* What to work on: Return, with both end lines included, exactly what the data below holds from the line with "Welcome More Love" through the line with "法官助理视角下的无人机技术应用，如何确保审判现场的公正与安全？", though not the pictures.

* Listed entries:
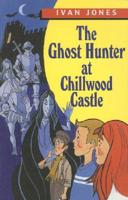 The Ghost Hunter at Chillwood Castle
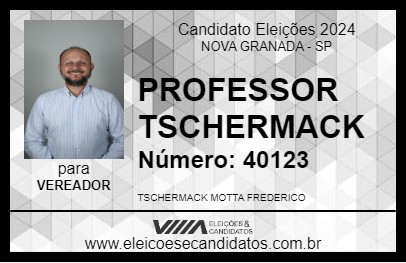 Candidato PROFESSOR TSCHERMACK 2024 - NOVA GRANADA - Eleições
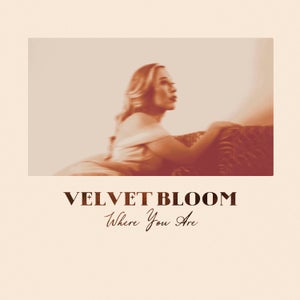 Artwork for track: Where You Are by Velvet Bloom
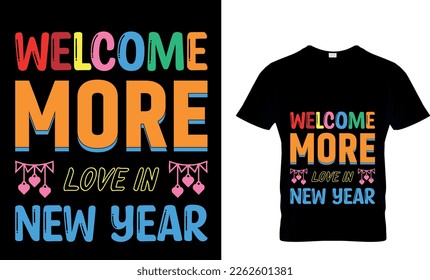 Welcome More Love in the New Year. Best New year Design for gift cards, banners, vectors, t-shirts, posters, print, etc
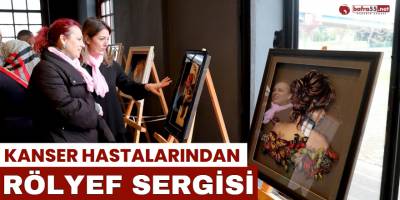 Kanser Hastalarından Rölyef Sergisi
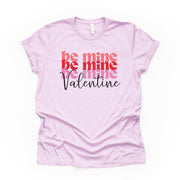 Valentine's Day Tee, Repeating BE MINE Valentine, Be Mine Word Art Design, premium unisex shirt, 3 color choices, plus valentine tee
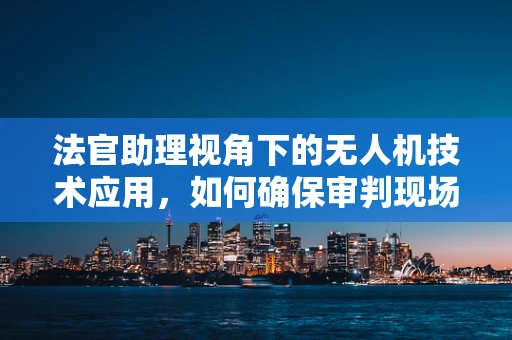 法官助理视角下的无人机技术应用，如何确保审判现场的公正与安全？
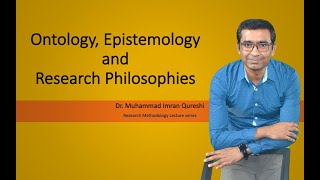 Ontology Epistemology and Research Philosophies [upl. by Wampler327]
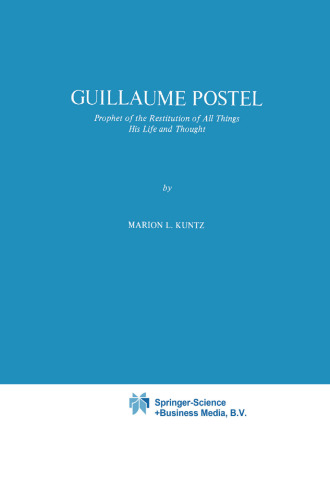 Guillaume Postel: Prophet of the Restitution of All Things His Life and Thought
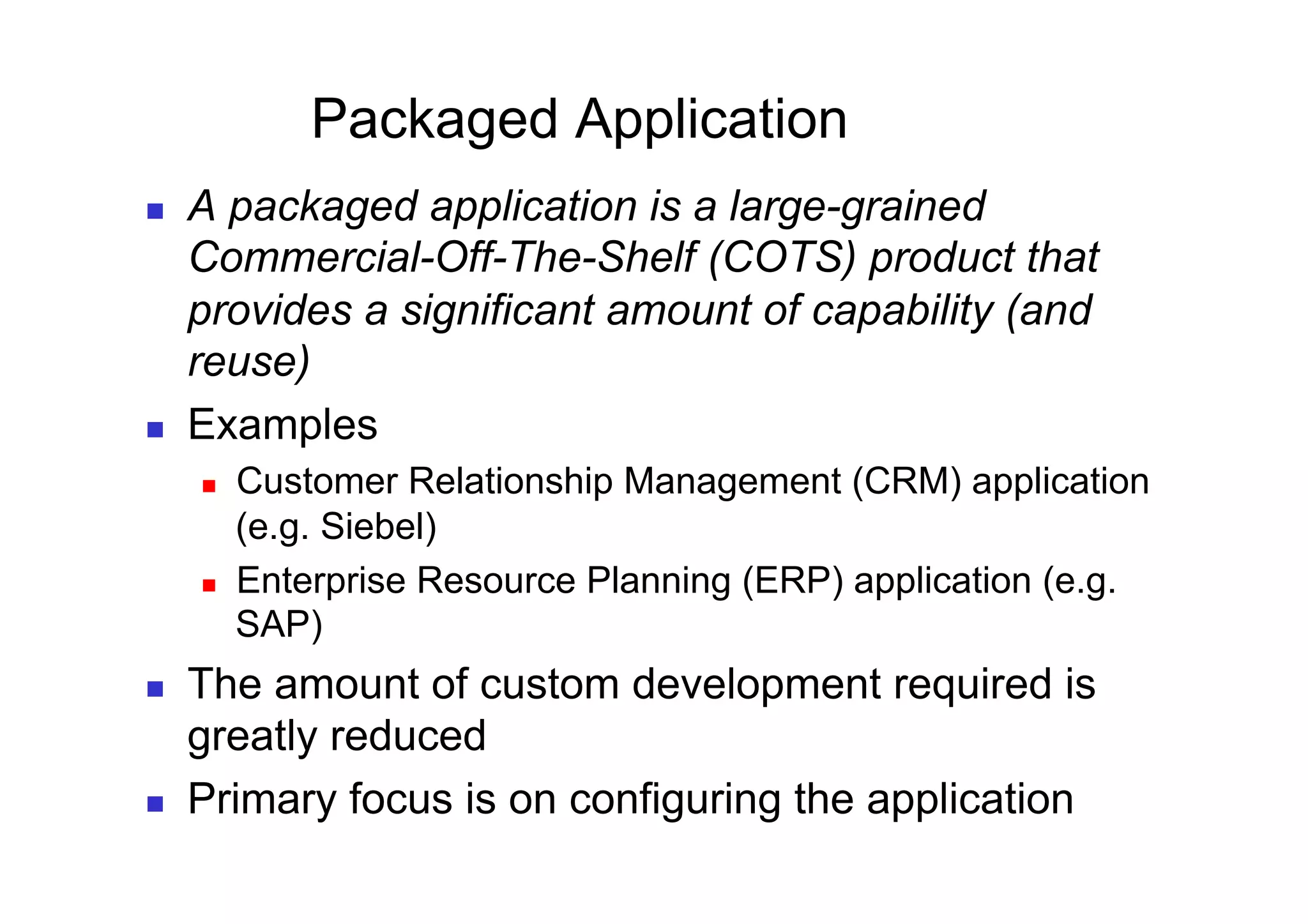 Packaged Application
    A packaged application is a large-grained
     Commercial-Off-The-Shelf (COTS) product that
     provides a significant amount of capability (and
     reuse)
    Examples
         Customer Relationship Management (CRM) application
          (e.g. Siebel)
         Enterprise Resource Planning (ERP) application (e.g.
          SAP)
    The amount of custom development required is
     greatly reduced
    Primary focus is on configuring the application
 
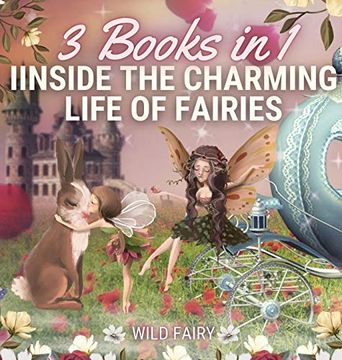 portada Inside the Charming Life of Fairies: 3 Books in 1 (en Inglés)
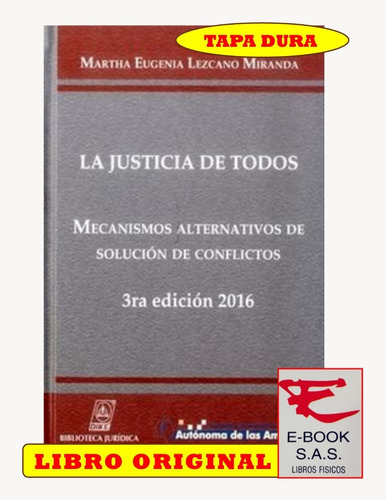 La Justicia De Todos Mecanismos Alternativos De Solución 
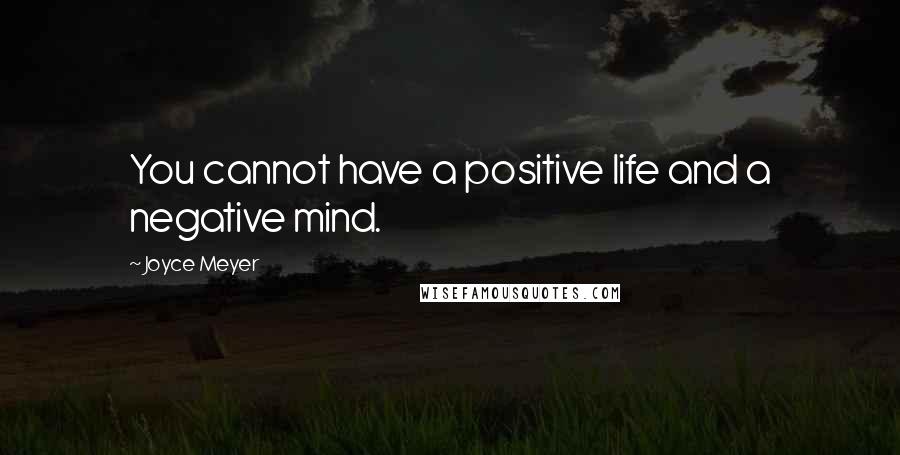 Joyce Meyer Quotes: You cannot have a positive life and a negative mind.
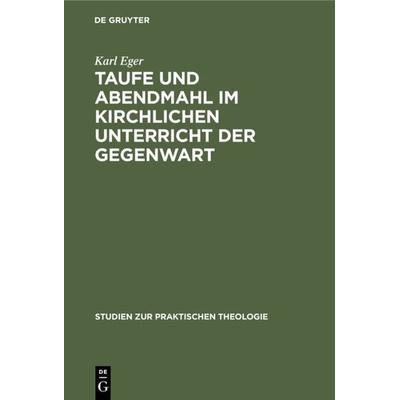 Taufe und Abendmahl im kirchlichen Unterricht der Gegenwart, Gebundene Ausgabe von Karl Eger, De Gruyter, 978-3-11-118757-0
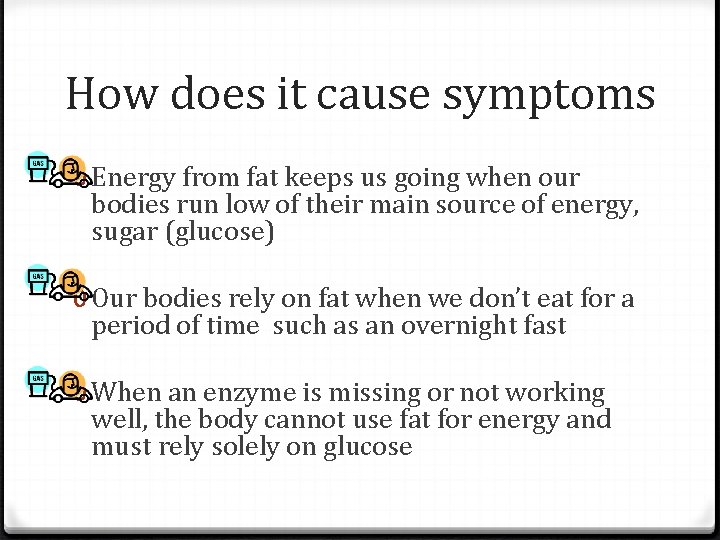 How does it cause symptoms 0 Energy from fat keeps us going when our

* Answer:
 Welcome More Love in the New Year. Best New year Design for gift cards, banners, vectors, t-shirts, posters, print, etc
 Kanser Hastalarından Rölyef Sergisi
 Valentine's Day Tee, Repeating BE MINE Valentine, Be Mine Word Art Design, premium unisex shirt, 3 color choices, plus valentine tee
 法官助理视角下的无人机技术应用，如何确保审判现场的公正与安全？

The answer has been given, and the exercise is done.